Personal life
- Born: 4 August 1800 Portsmouth, England
- Died: 22 November 1876 (aged 76) Ashton upon Mersey, Cheshire, England
- Resting place: Brooklands Cemetery, Sale, Cheshire

Religious life
- Religion: English Unitarian

Senior posting
- Teacher: Unitarian Home Missionary Board, now Unitarian College Manchester

= John Relly Beard =

British Unitarian minister, educator and writer

John Relly Beard (4 August 1800 – 22 November 1876) was an English Unitarian minister, schoolmaster, university lecturer, and translator who co-founded Unitarian College Manchester and wrote more than thirty books.

==Life==

He was born in Portsmouth on 4 August 1800, the first child of a tradesman, John Beard, and his wife Ann Paine. After attending Portsmouth Grammar School and a brief period in a French boarding-school, he joined Manchester College, York in 1820 and studied under Charles Wellbeloved, a pioneering translator of the Old Testament. One of his fellow students there was William Gaskell (whose wife Elizabeth became the famous novelist) and they remained lifelong friends. Like Gaskell, he was elected to membership of the Manchester Literary and Philosophical Society, in Beard's case on 26 January 1827

After his training Beard became a Unitarian minister at Greengate, Salford in 1825. Alongside his ministry, he ran a school which was so successful that he built a house to accommodate it. Although he closed it in 1849 to give his attention to other matters, he remained deeply interested in education. In 1842 his congregation migrated to Bridge Street, Strangeways, Manchester, and Beard remained their minister until 1864, when he moved to Sale, Cheshire.

During this time he and William Gaskell, who was living in nearby Knutsford, worked to establish the Unitarian Home Missionary Board, which became Unitarian College Manchester, of which they were the co-founders and the first two Principals.

He retired in 1874 and died aged 76 on 22 November 1876, at the Meadows, Ashton upon Mersey.

==Children==

Beard and his wife Mary (née Barnes (1802–87)) had ten children. To mention only the best known of their descendants:
their eldest son, Charles Beard (1827–88), also became a Unitarian minister, writer and educator; their youngest son, James Rait Beard (1843–1917), although engaged in business in Manchester, was active in supporting Unitarian College Manchester: he served as its Treasurer 1886–1914 and President 1900–01 and 1904–05; their eldest daughter Sarah (1831–1922) married John Dendy (1828–94) and their children included: John Dendy OBE (1852–1924); Mary Dendy, the pioneer of residential schools for mentally handicapped people; the social reformer Helen Bosanquet; and the biologist Arthur Dendy.

==Works==

Beard published popular education manuals, theological works and, as both an editor and a journalist, engaged in vigorous Unitarian propaganda. He is best remembered for The Life of Toussaint L'Ouverture (1853) and several reference volumes on a variety of topics. He wrote in simple language and attempted to translate complicated foreign affairs—such as the Haitian struggle for independence—into terms that every reader could understand. Beard's biography of Toussaint Louverture was first published in London on the fiftieth anniversary of Toussaint L'Ouverture's death. Ten years later, in 1863, Boston publishers reissued Beard's biography, replacing a brief history of Haiti's fight for independence after L'Ouverture's exile with the first English translation of a thirty-five page autobiography written by L'Ouverture and other related documents, including a transcript of his post-mortem examination. Beard's biography remained the authoritative English-language history of L'Ouverture's life until the late twentieth century.

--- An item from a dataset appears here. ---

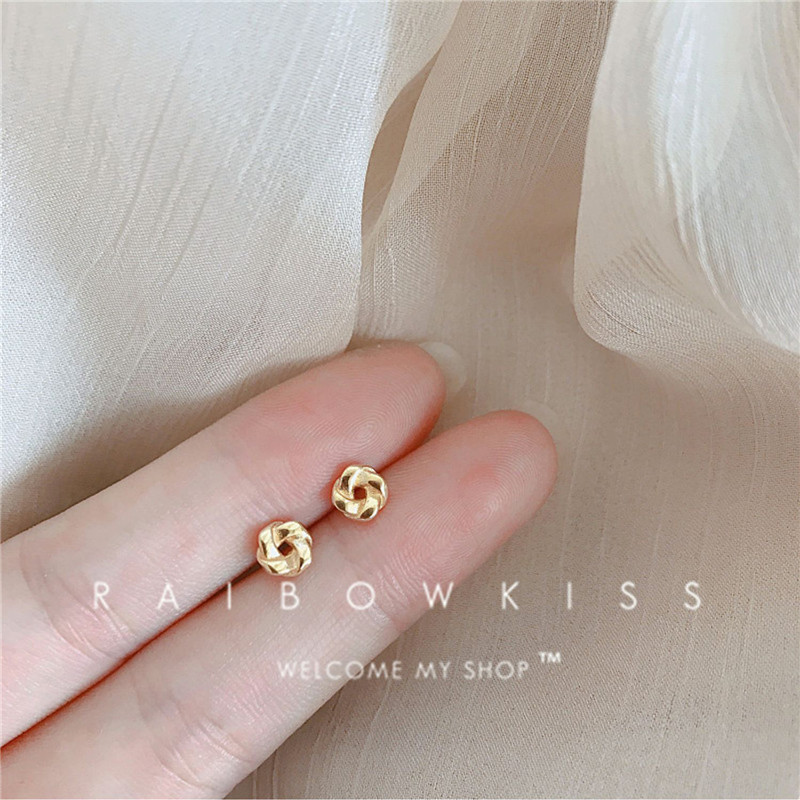 Hot Sales Newest Gold Silver Hollow Geometric Whirl Stud Earrings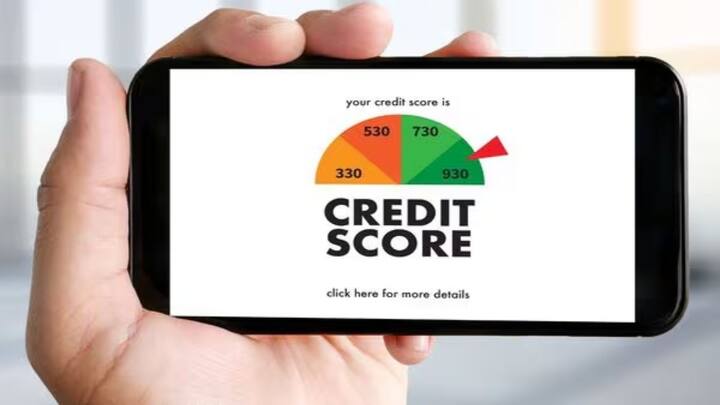 दरअसल कभी-कभी स्कोर गलत जानकारी या डुप्लीकेट डेटा की वजह से हो जाता है. इसलिए अपनी सिबिल रिपोर्ट चेक करते रहे. जिससे अगर कोई गलती दिखे तो तुरंत ठीक कराएं. सही जानकारी होने पर ही आपका स्कोर सही तरीके से सुधर सकता है.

In explaining his reasons for writing about L'Ouverture, Beard frankly admits in the 1853 volume that he does so in order to "supply the clearest evidence that there is no insuperable barrier between the light and the dark-coloured tribes of our common human species." Throughout the text, Beard compares L'Ouverture to famously successful white generals and argues for L'Ouverture's supremacy. L'Ouverture is superior to George Washington, Beard writes, because L'Ouverture could have seized absolute power more easily than Washington, and "[t]he greater the opportunity the greater the temptation; nor can he be accounted the inferior man who overcame in the severer trial." Similarly, Beard argues that L'Ouverture is a better man than Napoleon Bonaparte because "the two differed in that which is the dividing line between the happy and the wretched; for while, with Bonaparte, God was a name, with Toussaint L'Ouverture, God was at once the sole reality and the sovereign good." For Beard, L'Ouverture's ultimate failure to liberate Haiti and his untimely death are the product of unfortunate circumstances—not an indictment of his character or leadership abilities.